• [Instructions to follow]: Copy, word for word, the line containing "Printable Pedigree Chart" and each line that follows it in the entries below; pictures do not belong in the copy.

= = =

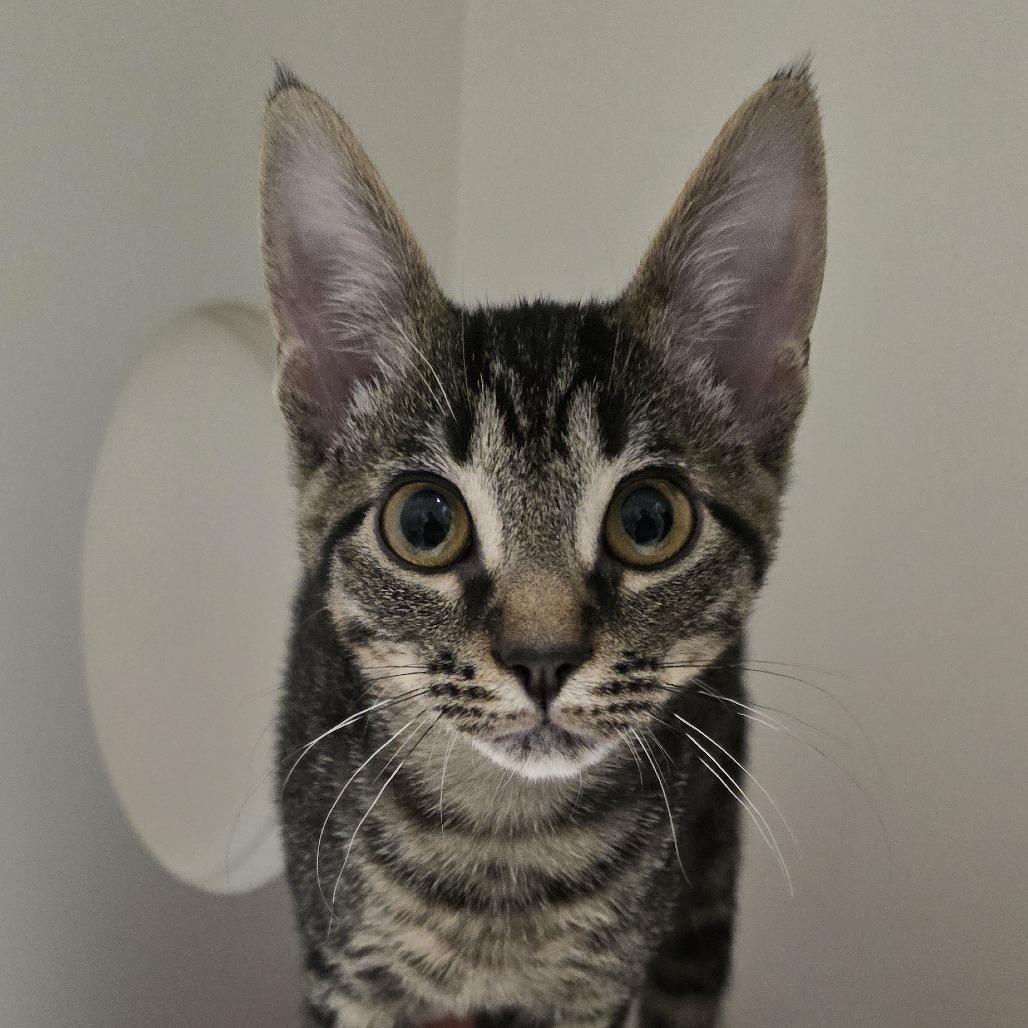 Enlarge Jack, a Adoptable Domestic Short Hair in Winston Salem, NC image 2/2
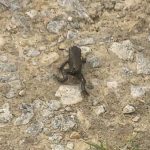 Amphibian Anarchy: Migrating Frogs Expose Deeper Rifts Between Routine and Wildness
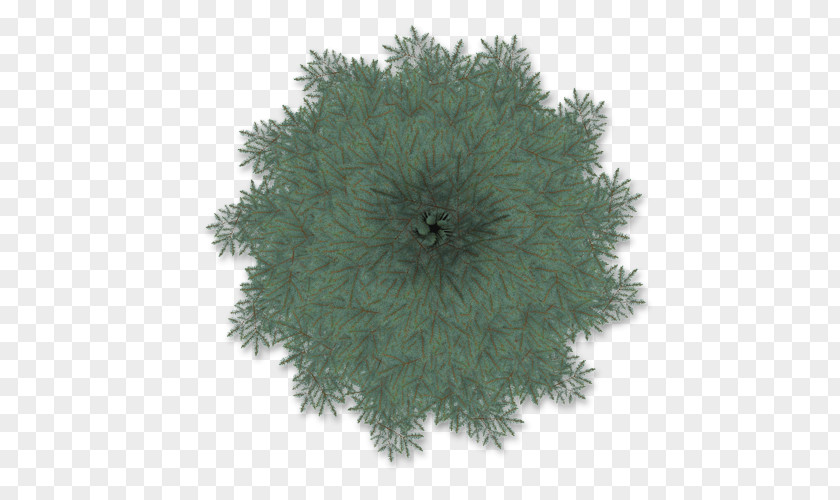 Tree Blue Spruce Cupressus Plant Baobab PNG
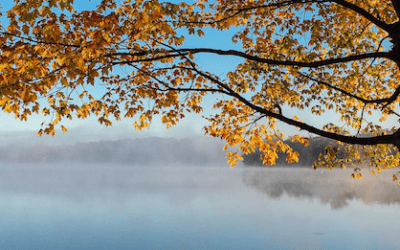 Des Herbstes Melancholie
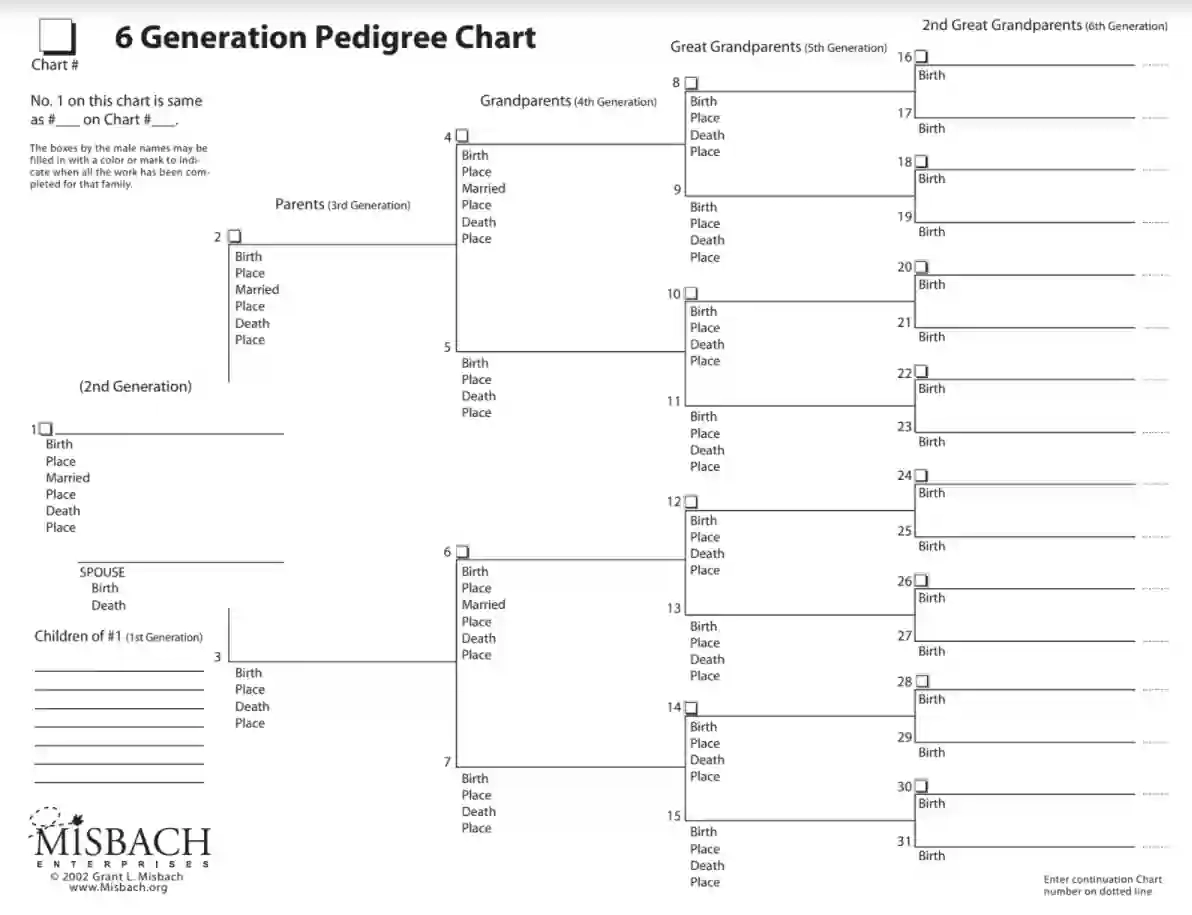 Printable Pedigree Chart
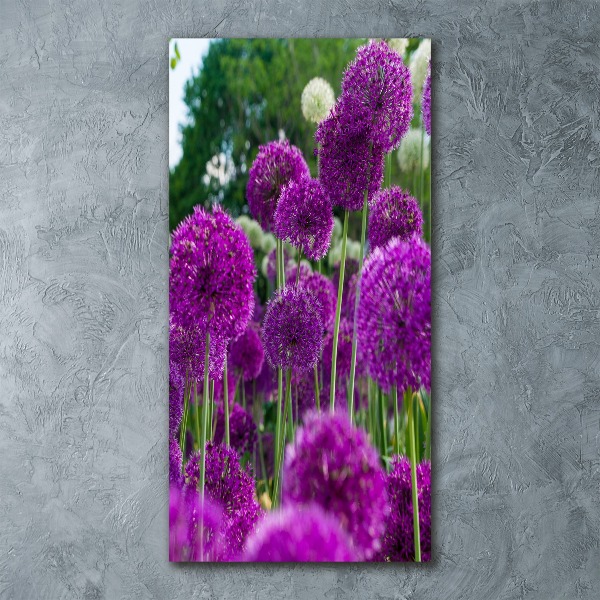 Staand plexiglas foto Knoflookbloemen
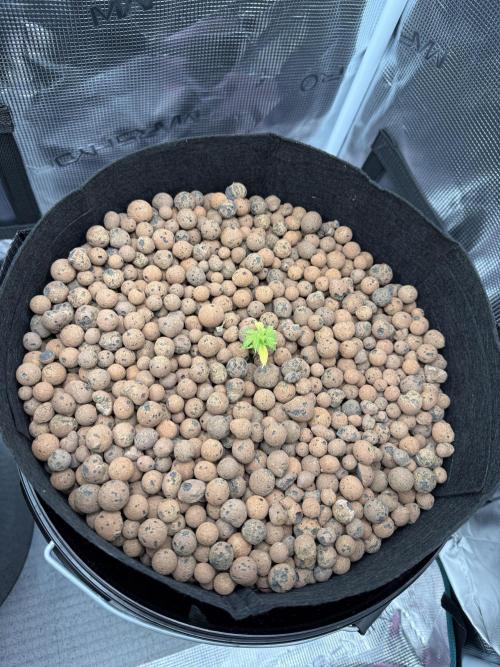 Gorilla GG4 - Ganja Farmer. Week 2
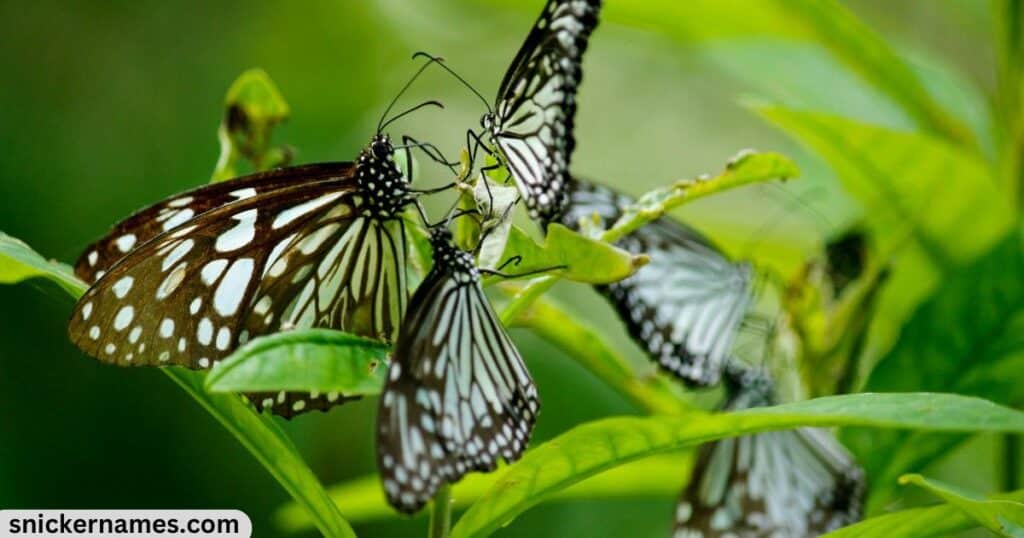 Butterfly Group Names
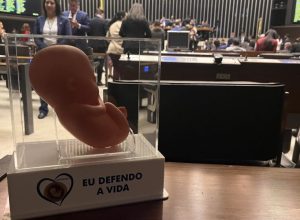 defesa-da-vida:-agora-e-a-vez-de-o-senado-agir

= = =

• [Task response]:
 Printable Pedigree Chart
 Staand plexiglas foto Knoflookbloemen
 Gorilla GG4 - Ganja Farmer. Week 2
 Butterfly Group Names
 defesa-da-vida:-agora-e-a-vez-de-o-senado-agir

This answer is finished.